Reeves was sitting in the fourth row of the bus chatting with a schoolmate when he looked out the window and saw the bus "swerving," he told PEOPLE. When he looked at the bus driver, her eyes were closed, and her head was hanging down.
"She didn't even have her hands on the steering wheel or the gas pedal," the teenager said. "It just didn't seem right."
Reeves got up and ran to the driver. The bus was about to go over a curb and onto a lawn, so he grabbed the wheel and turned to avoid hitting a car at the intersection. He pumped the brakes and brought the bus, which was carrying 60 middle school kids, to a complete stop.
The scene was "chaotic," and other kids weren't helping because they were shooting the incident. "If you can film, you can call 911!" he recalled saying. "It frustrated me so bad," he added. "They just needed to be mature and do what's right."
Reeve's parents were called, and when his father, Steve, picked up the phone, a police officer said, "Your son is a hero." They raced to the scene, and his stepmother Ireta explained that she saw a fire truck, ambulance, and several police cars.
"I was shaking," says the 45-year-old community nurse. "I gave him a giant hug. I squeezed him so tight," she remembers. "The principal came up and was like, 'Do you know what he did?…. He stopped the bus from getting in an accident. He saved everybody!'"
The only experience Reeves has behind the wheel is driving a GoKarts, a golf cart, and a car in a parking lot, but he knew how to pump the brakes by paying attention to the driver.
According to his stepmother, he also likes watching YouTube videos of first responders rescuing people. "I think watching those videos was probably training for him," Ireta Reeves said.
Ireta Reeves has been in touch with the bus driver via text and said the driver wrote, "I'm so thankful Dillon was on the bus that day.
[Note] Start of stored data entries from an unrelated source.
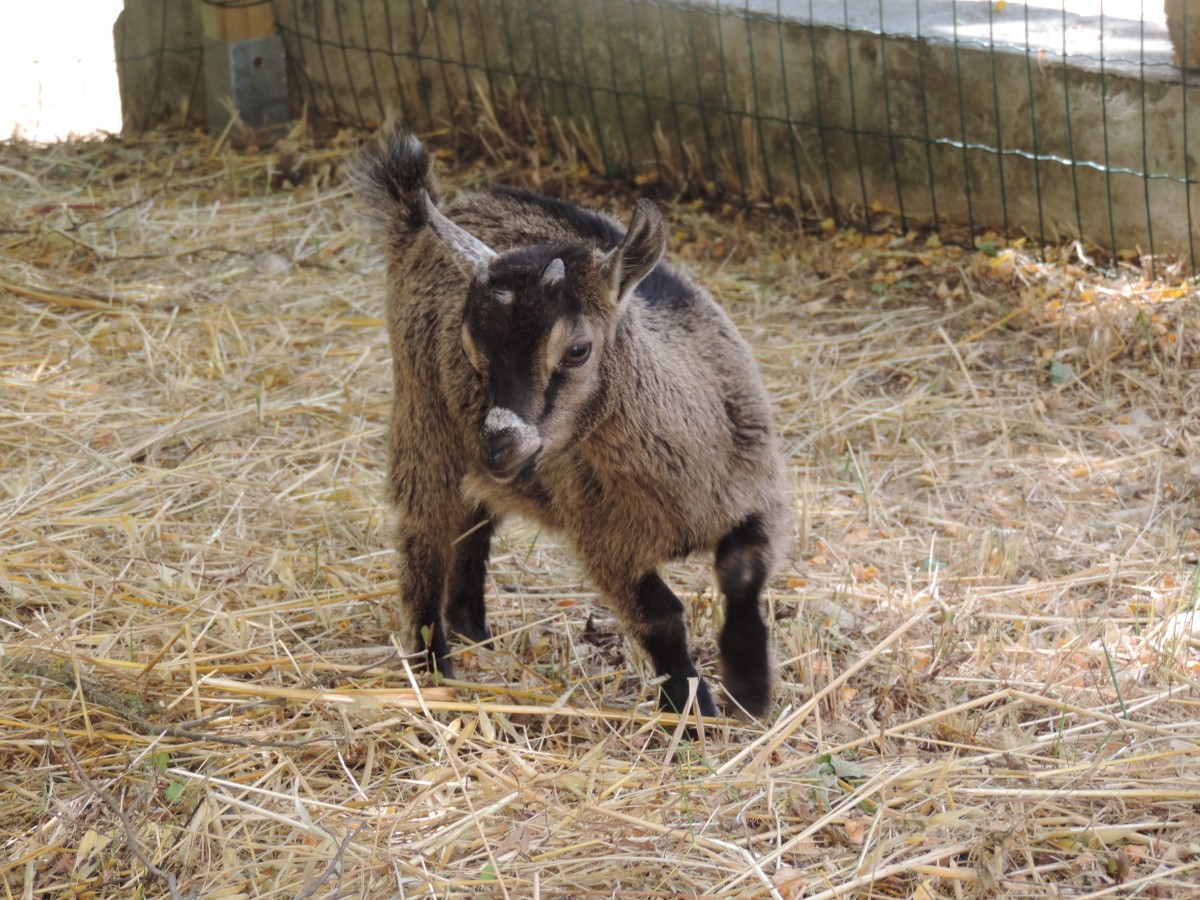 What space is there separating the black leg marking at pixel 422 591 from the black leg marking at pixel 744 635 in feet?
2.77

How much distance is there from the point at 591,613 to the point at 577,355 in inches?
47.6

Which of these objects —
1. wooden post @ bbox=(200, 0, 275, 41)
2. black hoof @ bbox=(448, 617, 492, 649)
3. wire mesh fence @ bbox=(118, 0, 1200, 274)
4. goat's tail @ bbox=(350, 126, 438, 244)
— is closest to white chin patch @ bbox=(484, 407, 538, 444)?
goat's tail @ bbox=(350, 126, 438, 244)

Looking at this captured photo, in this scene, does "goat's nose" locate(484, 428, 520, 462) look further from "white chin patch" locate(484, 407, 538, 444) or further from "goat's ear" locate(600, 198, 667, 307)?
"goat's ear" locate(600, 198, 667, 307)

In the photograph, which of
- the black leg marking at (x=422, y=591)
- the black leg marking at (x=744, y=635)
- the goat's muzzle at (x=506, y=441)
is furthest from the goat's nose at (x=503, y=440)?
the black leg marking at (x=422, y=591)

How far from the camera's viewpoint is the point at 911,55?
6.04m

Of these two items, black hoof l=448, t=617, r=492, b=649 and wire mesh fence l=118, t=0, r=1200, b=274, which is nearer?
black hoof l=448, t=617, r=492, b=649

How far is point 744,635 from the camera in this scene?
11.5ft

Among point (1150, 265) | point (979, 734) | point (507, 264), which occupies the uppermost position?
point (507, 264)

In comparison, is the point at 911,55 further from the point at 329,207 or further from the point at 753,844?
the point at 753,844

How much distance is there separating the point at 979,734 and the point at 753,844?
0.70 metres

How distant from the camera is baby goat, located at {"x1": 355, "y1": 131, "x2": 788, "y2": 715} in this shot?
3141mm

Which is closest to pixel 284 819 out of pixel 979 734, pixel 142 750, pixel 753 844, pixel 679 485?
pixel 142 750

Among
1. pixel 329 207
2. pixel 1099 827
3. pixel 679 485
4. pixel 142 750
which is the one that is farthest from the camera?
pixel 329 207

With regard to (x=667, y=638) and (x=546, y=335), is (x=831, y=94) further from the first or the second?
(x=546, y=335)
His swift actions saved lives and property and he deserves all the attention for his bravery. He was asking a few months back about being a bus driver, how old did you have to be and if it was hard," the message continued.
"He thought he might want to be a bus driver one day. It's a great job. I love it. But I hope Dillon can see his potential to be so much more."
Reeves saved the lives of his classmates, and everyone is so appreciative. "We're very proud of him," his dad, Steve Reeves, said. "He has a very kind heart. He's always trying to help people out." Mayor Fouts wants others to be like Reeves. "We want to encourage young people: if you see something, not only say something, but do something. By acting quickly, he saved lives and I think forever changed his life."
Reeves is modest about his actions and said "all he did was stop the bus," but others know his efforts saved lives. The teen wants to be a first responder one day and a GoFundMe page has been set up for his future education. In the meantime, he has been accepted into the Warren Police Department's Junior Detective's program and wants people to "look out for each other." A separate GoFundMe account has been created for the bus driver.